The passion for something is not necessarily competence in something. One would need determination too, for achieving competence. Obedience could actually surrogate passion, if there is determination. It is not true that a genius be necessarily more competent and successful than a determined mediocre person. It depends on other various factors.   

“When access to information was limited, we needed to load students up with facts. Now, when we have no scarcity of facts or the access to them, we need to load them up with understanding.” (Godin 2012, p. 143). Overall do not assume that there be everything online, if you are not capable to find and use what you need when you need it. Yes, people need understanding and a way to build paths of understanding and for understanding. If facts or supposed facts, notions, are not inside your head too, it is useless to abstractly know ‘understanding’.  

For (Godin 2012), subjects connected with problem solving are not taught in traditional schools. For (Godin 2012), one should teach how to learn not how to become perfect.
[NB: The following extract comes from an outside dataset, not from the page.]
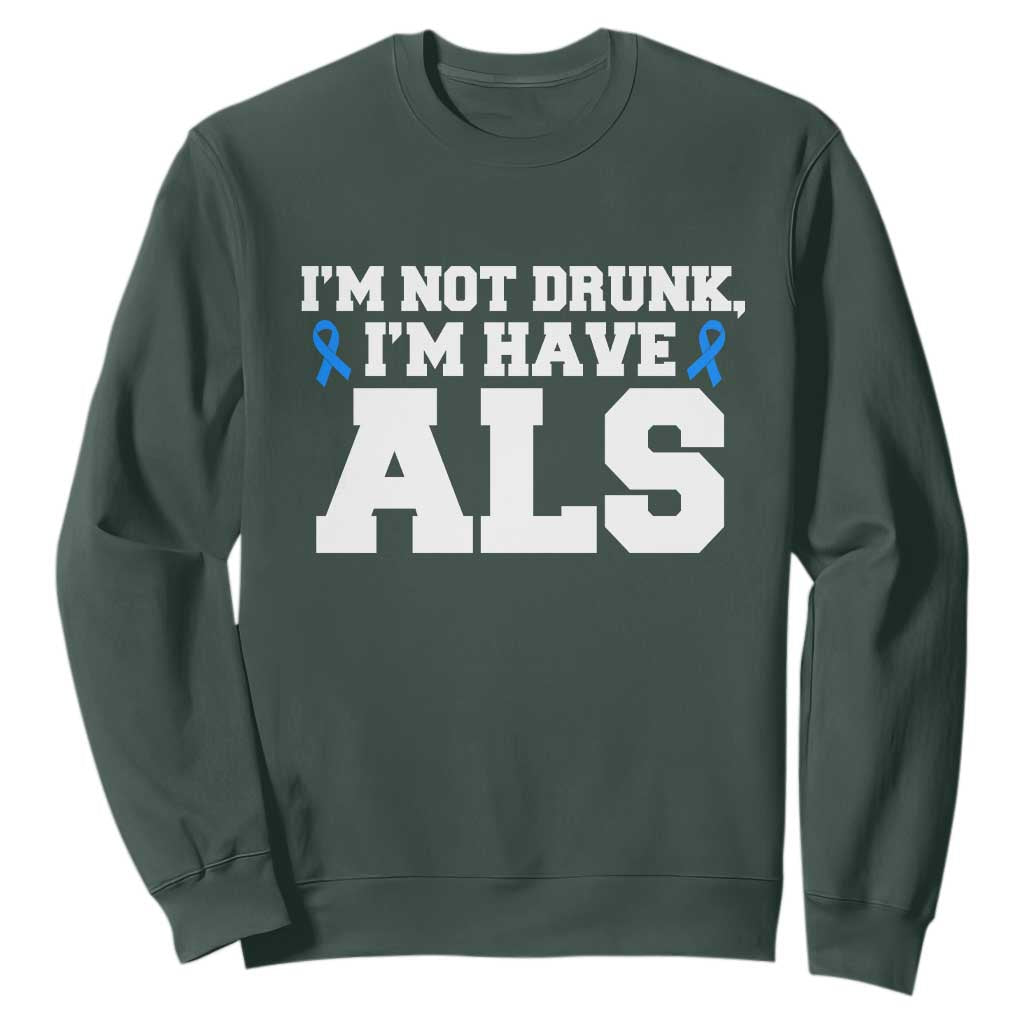 ALS Support Sweatshirt Funny Im Not Drunk I Have ALS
Perfection may be an aspect of conformism, although it be a solid base for further achievements too. Real people make the difference. Perfection is not a defect. Perfectionism may be a problem while dealing with reality’s imperfection.

Universities sell degrees not necessarily education. Employers frequently need to minimize risks. A McDonalds certainly feel safer if you are a university student or a graduate instead of an illiterate chap from a slum. Goldman Sachs too.  
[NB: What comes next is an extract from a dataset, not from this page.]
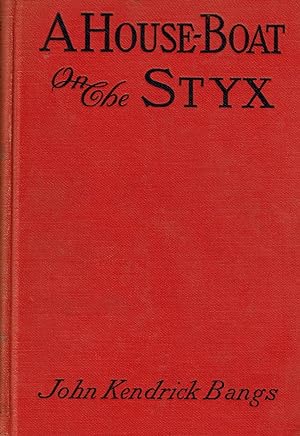 A Houseboat on the Styx: Being an Account of the Diverse Doings of the Associated Shades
How to fix school in twenty-four hours? (Godin 2012, p. 187).
“Don’t wait for it. Pick yourself. Teach yourself. Motivate your kids. Push them to dream, against all odds.” (Godin 2012, p. 187).
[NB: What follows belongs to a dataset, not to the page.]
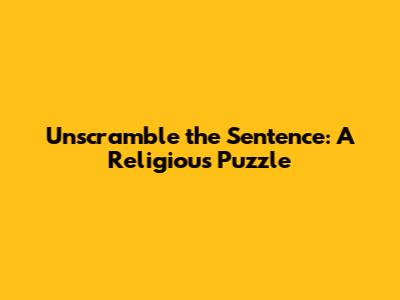 Unscramble the Sentence: A Religious Puzzle
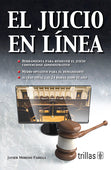 EL JUICIO EN LÍNEA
“When we teach a child to make good decisions, we benefit from a lifetime of good decisions.
“When we teach a child to love to learn, the amount of learning will become limitless.
“When we teach a child to deal with a changing world, she will never become obsolete.
“When we are brave enough to teach a child to question authority, even ours, we insulate ourselves from those who would use their authority to work against each of us.
“And when we give students the desire to make things, even choices, we create a world filled with makers.”
(Godin 2012, p. 188).
You should also teach your children and student to become invisible because a chap educated in this way would be immediately selected from a CIA-SIS-military computerized program for being liquidated, perhaps even physically by a drone. ...Do not hope that a President, or a Queen/King, or a Prime minister, does not sign the liquidation decree!

Actually, everybody reacts in different way to indoctrination, to whatever taught, to learning processes and how to approach life. Consequently, education produces different results according to different people. One can create a favourable environment for certain values or attitudes one wish to transmit. Later, each student interacts in different ways with this environment. Or would Godin like to replace the current totalitarian vision with another totalitarian vision reputed as the right one?   

Finally, there is the usual question: who does teach whom and how? Geniuses do not become teachers... In addition, frequently geniuses are not good teachers. In the same universities there is a lot of geniuses. Generally, they do not know how to teach. Certainly, one could find some technique for making mediocre teachers and professors transmitting a more useful education.

And we would be again to the original question: who and what would need more critic and innovative people? Perhaps the spontaneous production of them is already more than sufficient.  


Godin, S., Stop Stealing Dreams. What is school for?, 2012.